I thank Him for the gift of being born a Jew, despite all the persecutions visited on our people, often in the name of the same G-d my ancestors worshipped and to whom they dedicated their lives. I thank Him for the transformation of the relationship between Jews and Christians that has happened in my lifetime, and for the gift of coming to know people from so many different faiths, each of which has given something utterly unique to humanity.
I thank Him for Beethoven’s late quartets and Shakespeare’s prose and Rembrandt’s portraits. Rabbi Abraham Kook, chief rabbi of what was then Palestine, once said that G-d took some of the light of the first day of creation and gave it to Rembrandt who put it into his paintings. I thank Him for the first cup of coffee in the morning and the I-pod I've almost learned how to use (another year or two should do it), for Morgan Freeman's voice and Woody Allen’s humour, for 2B pencils and wide-lined notepads, for bookshops and a forgiving wife.
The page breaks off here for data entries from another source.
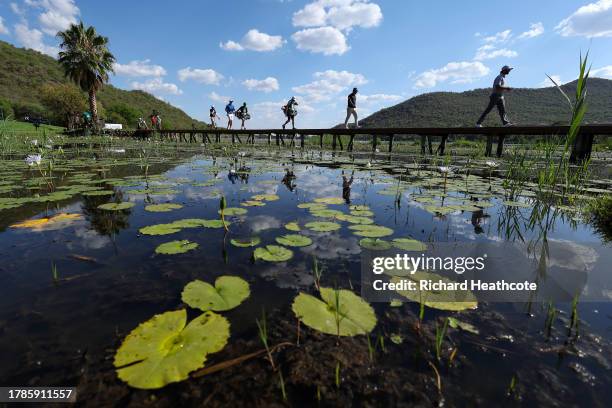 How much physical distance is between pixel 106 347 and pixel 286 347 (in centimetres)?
73

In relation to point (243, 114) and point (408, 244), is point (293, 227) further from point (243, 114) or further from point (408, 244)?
point (243, 114)

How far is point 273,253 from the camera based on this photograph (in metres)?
2.04

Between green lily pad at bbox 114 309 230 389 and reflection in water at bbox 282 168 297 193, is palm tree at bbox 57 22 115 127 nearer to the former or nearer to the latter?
reflection in water at bbox 282 168 297 193

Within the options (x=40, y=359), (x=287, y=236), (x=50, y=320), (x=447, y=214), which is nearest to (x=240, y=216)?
(x=287, y=236)

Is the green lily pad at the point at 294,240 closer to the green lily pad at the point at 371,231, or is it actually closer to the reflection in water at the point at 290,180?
the green lily pad at the point at 371,231

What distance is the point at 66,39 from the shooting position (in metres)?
27.5

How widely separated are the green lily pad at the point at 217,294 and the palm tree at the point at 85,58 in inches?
1335

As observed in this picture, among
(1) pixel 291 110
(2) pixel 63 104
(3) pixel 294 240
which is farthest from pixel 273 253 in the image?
(2) pixel 63 104

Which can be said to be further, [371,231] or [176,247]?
[371,231]

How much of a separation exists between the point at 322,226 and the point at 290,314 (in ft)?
4.00

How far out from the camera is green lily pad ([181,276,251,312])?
1.42 m

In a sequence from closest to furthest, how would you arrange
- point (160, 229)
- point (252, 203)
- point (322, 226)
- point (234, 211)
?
point (160, 229) → point (322, 226) → point (234, 211) → point (252, 203)

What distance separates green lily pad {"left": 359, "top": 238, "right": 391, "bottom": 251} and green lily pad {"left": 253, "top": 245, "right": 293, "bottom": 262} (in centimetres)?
58

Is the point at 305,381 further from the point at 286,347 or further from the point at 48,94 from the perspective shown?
the point at 48,94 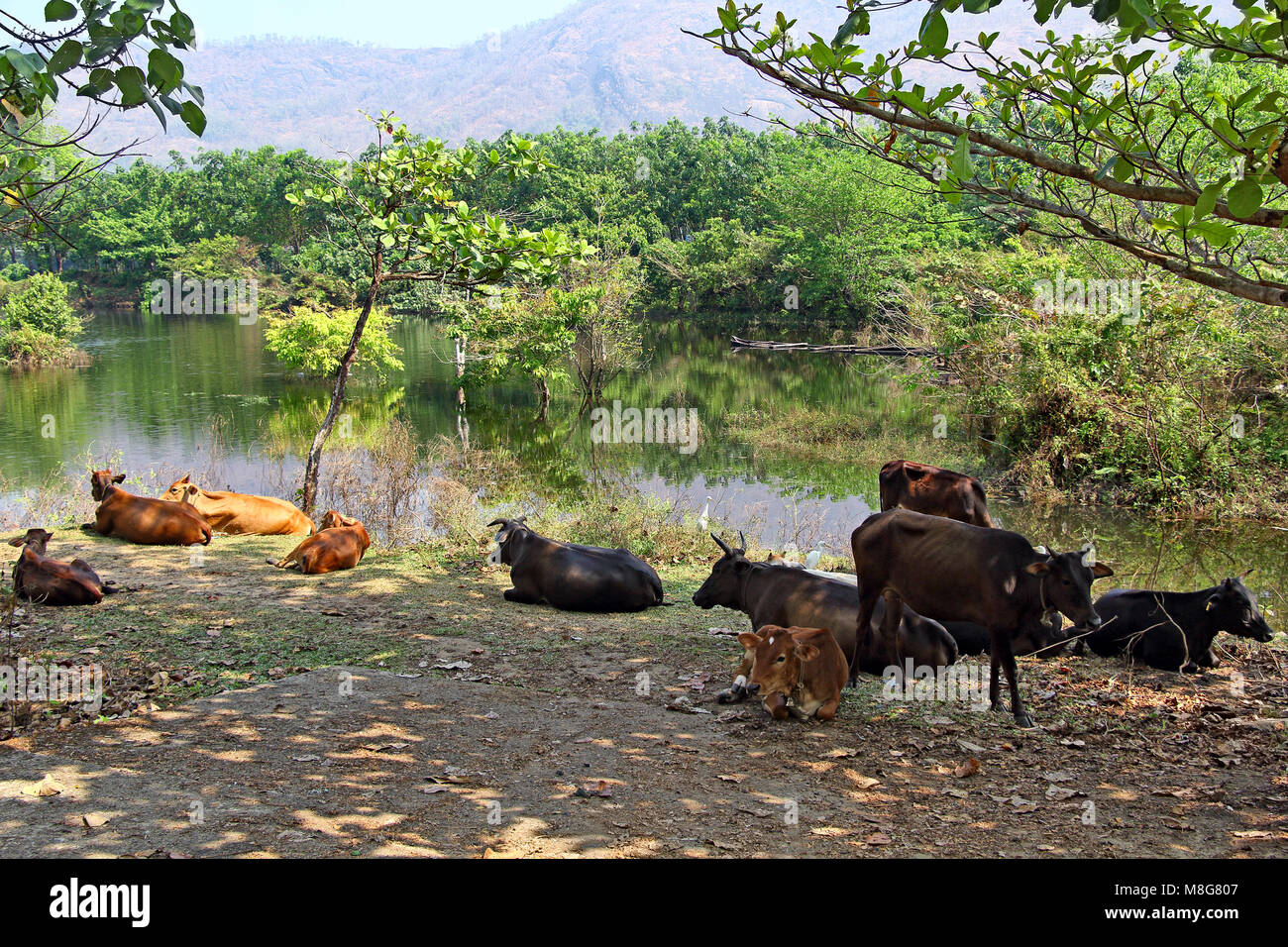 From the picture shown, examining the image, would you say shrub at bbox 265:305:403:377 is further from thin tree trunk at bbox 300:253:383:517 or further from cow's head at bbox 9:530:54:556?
Result: cow's head at bbox 9:530:54:556

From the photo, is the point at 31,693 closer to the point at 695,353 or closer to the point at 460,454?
the point at 460,454

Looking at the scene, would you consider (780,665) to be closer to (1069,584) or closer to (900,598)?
(900,598)

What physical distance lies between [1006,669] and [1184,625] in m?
2.11

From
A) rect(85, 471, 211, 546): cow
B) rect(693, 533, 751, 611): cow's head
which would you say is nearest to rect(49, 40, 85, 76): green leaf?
rect(693, 533, 751, 611): cow's head

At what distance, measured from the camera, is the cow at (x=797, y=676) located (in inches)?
254

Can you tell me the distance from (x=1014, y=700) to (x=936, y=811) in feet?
5.71

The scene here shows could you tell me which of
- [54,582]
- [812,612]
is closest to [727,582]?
[812,612]

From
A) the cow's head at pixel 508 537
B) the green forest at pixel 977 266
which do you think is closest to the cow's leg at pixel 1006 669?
the green forest at pixel 977 266

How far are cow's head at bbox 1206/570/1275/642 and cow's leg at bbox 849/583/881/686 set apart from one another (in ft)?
8.92

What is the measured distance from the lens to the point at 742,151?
7388cm

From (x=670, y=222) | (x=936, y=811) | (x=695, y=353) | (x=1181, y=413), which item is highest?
(x=670, y=222)

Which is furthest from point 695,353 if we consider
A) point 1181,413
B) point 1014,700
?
point 1014,700

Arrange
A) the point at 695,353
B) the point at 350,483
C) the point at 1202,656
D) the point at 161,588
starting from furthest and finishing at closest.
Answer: the point at 695,353
the point at 350,483
the point at 161,588
the point at 1202,656

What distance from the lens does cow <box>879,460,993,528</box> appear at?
10.2 meters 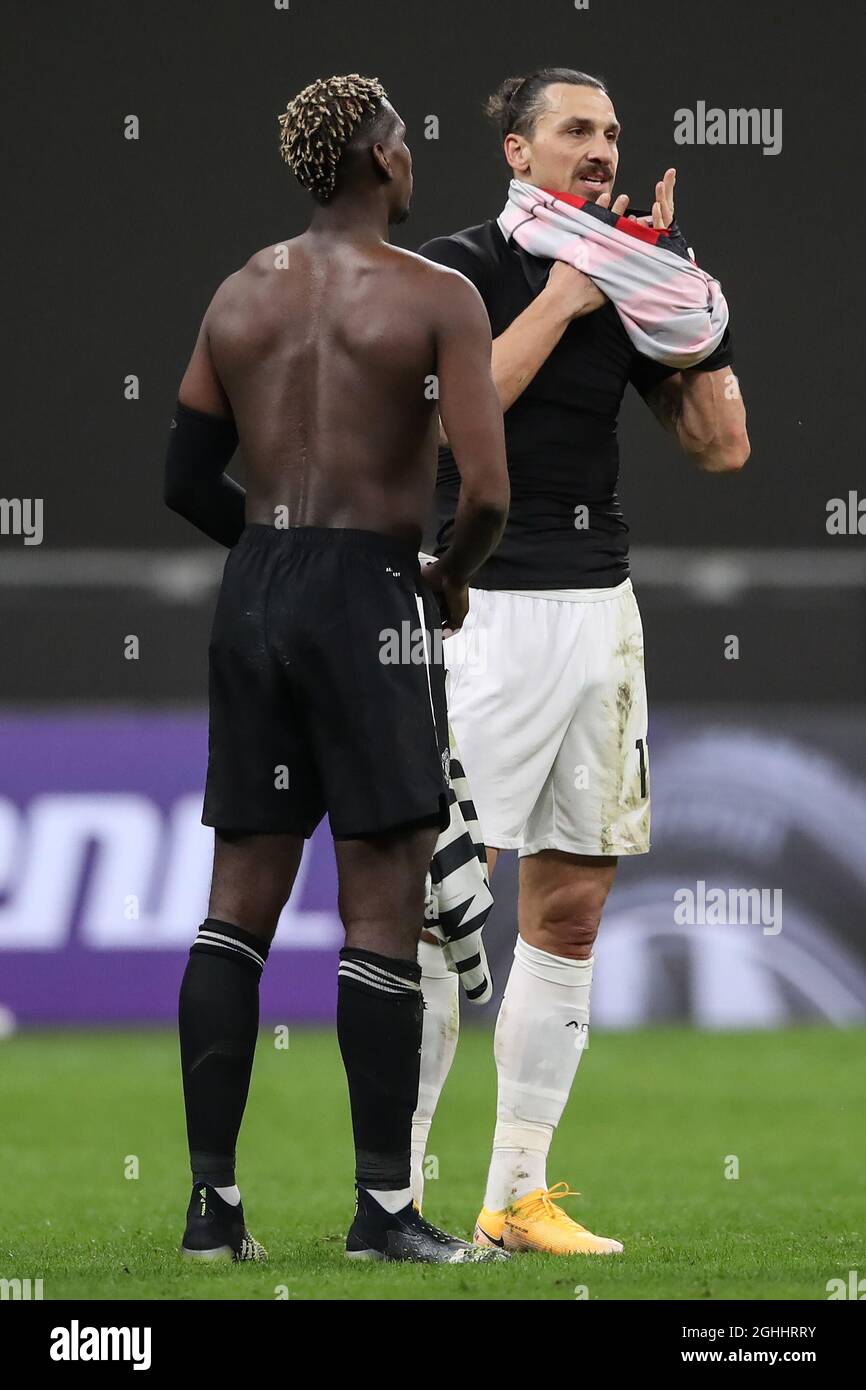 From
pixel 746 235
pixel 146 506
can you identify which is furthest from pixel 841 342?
pixel 146 506

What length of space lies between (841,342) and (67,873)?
23.1 ft

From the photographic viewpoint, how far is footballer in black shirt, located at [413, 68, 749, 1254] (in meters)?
4.22

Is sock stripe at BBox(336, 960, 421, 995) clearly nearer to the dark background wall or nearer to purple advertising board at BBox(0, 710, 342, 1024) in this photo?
purple advertising board at BBox(0, 710, 342, 1024)

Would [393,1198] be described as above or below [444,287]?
below

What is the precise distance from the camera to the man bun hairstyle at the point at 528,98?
447 centimetres

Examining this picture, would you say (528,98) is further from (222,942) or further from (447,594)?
(222,942)

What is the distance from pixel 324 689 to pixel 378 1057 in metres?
0.65

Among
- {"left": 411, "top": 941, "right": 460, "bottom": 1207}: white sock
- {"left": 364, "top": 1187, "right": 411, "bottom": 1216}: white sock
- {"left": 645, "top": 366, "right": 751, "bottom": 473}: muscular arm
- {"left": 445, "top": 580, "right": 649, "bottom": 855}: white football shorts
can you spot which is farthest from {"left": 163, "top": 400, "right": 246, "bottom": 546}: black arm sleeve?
{"left": 364, "top": 1187, "right": 411, "bottom": 1216}: white sock

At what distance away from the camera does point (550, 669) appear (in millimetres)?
4262

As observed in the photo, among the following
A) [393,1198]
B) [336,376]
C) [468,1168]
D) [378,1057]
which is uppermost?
[336,376]

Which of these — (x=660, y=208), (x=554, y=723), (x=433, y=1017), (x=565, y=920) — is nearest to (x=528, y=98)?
(x=660, y=208)

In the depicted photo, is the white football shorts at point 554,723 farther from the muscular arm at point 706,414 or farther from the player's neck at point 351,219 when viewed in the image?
the player's neck at point 351,219

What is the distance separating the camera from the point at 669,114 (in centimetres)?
1309

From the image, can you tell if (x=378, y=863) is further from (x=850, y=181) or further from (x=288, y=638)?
(x=850, y=181) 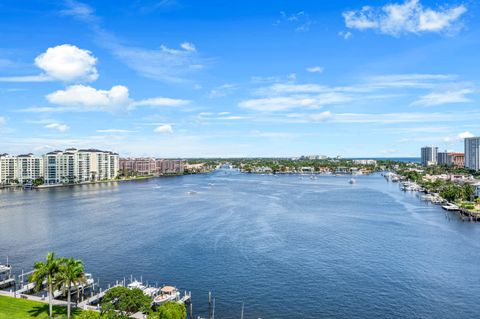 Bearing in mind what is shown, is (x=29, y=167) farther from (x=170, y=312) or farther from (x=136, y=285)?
(x=170, y=312)

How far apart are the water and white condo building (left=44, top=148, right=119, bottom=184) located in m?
62.6

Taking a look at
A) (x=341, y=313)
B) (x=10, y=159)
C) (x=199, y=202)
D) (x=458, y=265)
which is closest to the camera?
(x=341, y=313)

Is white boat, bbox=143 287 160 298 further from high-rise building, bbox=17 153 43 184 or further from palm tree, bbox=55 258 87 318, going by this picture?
high-rise building, bbox=17 153 43 184

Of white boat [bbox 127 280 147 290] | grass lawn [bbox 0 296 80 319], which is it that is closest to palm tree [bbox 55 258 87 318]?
grass lawn [bbox 0 296 80 319]

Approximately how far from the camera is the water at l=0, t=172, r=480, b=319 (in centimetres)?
3089

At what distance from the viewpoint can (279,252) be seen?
4356cm

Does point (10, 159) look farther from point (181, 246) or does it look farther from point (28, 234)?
point (181, 246)

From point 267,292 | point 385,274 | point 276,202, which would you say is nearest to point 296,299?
point 267,292

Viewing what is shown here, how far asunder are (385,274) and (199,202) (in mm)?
51645

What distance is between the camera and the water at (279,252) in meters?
30.9

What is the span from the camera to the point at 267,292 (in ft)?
106

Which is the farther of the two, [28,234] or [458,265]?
[28,234]

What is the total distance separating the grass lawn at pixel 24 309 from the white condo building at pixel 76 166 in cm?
11569

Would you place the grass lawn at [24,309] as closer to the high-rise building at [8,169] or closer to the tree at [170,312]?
the tree at [170,312] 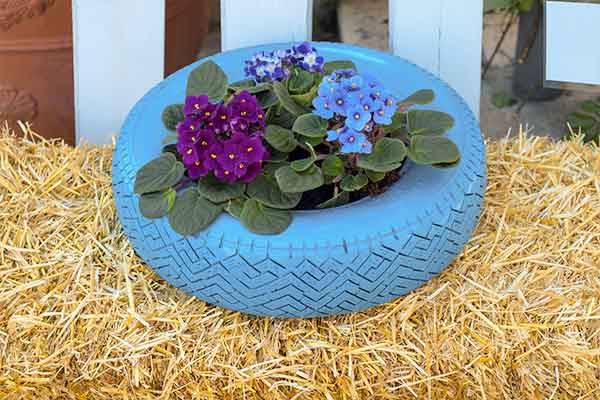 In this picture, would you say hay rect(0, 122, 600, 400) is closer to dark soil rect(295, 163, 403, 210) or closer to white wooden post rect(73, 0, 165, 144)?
dark soil rect(295, 163, 403, 210)

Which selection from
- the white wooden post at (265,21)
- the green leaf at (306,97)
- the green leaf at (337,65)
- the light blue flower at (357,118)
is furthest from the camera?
the white wooden post at (265,21)

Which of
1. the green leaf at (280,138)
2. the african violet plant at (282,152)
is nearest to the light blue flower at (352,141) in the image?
the african violet plant at (282,152)

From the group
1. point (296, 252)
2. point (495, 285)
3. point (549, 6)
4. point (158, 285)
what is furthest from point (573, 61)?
point (158, 285)

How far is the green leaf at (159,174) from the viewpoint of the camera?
1.19 m

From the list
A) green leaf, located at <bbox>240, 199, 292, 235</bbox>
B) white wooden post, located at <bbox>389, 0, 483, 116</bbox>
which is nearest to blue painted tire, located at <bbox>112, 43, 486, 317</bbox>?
green leaf, located at <bbox>240, 199, 292, 235</bbox>

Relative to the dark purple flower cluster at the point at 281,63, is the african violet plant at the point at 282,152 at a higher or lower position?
lower

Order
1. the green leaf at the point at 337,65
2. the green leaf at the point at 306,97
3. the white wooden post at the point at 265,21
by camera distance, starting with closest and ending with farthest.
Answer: the green leaf at the point at 306,97
the green leaf at the point at 337,65
the white wooden post at the point at 265,21

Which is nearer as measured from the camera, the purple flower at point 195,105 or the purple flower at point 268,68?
the purple flower at point 195,105

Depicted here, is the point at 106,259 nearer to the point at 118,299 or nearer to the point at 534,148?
the point at 118,299

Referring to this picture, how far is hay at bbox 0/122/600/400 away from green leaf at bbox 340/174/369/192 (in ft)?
0.69

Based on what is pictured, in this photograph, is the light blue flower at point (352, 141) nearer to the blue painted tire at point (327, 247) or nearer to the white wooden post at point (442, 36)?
the blue painted tire at point (327, 247)

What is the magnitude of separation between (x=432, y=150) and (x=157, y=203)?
1.37ft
I thank Him for the atheists and agnostics who keep believers from believing the unbelievable, forcing us to prove our faith by the beauty and grace we bring into the world. I thank him for all the defeats and failures that make leadership so difficult, because the hard things are the only ones worth doing, and because all genuine achievement involves taking risks, making mistakes, and never giving up.
I thank Him for the gift of faith, which taught me to see the dazzling goodness and grace that surround us if only we open our eyes and minds. I thank Him for helping me understand that faith is not certainty but the courage to live with uncertainty; not a destination but the journey itself. I thank Him for allowing me to thank Him, for without gratitude there is no happiness, only the fleeting distraction of passing pleasures that grow ever less consequential with the passing years.
Oscar Wilde was right when he defined a cynic as one who knows the price of everything and the value of nothing. The richer Britain became, the more cynical it grew. It put its faith in a financial house of cards. It looked at house prices and thought itself rich. It created the religion of shopping, whose original sin was not having this year's model or must-have, and whose salvation lay in spending money you don’t have, to buy things you don’t need, for the sake of a happiness that doesn’t last.
Rarely was a faith more seductive or addictive. The wake-up call, which is what the recession is, came just in time. So next year, let's enjoy joy itself, which unlike its gift-wrapped, instantly obsolete substitutes, is given freely to all those who bid it welcome.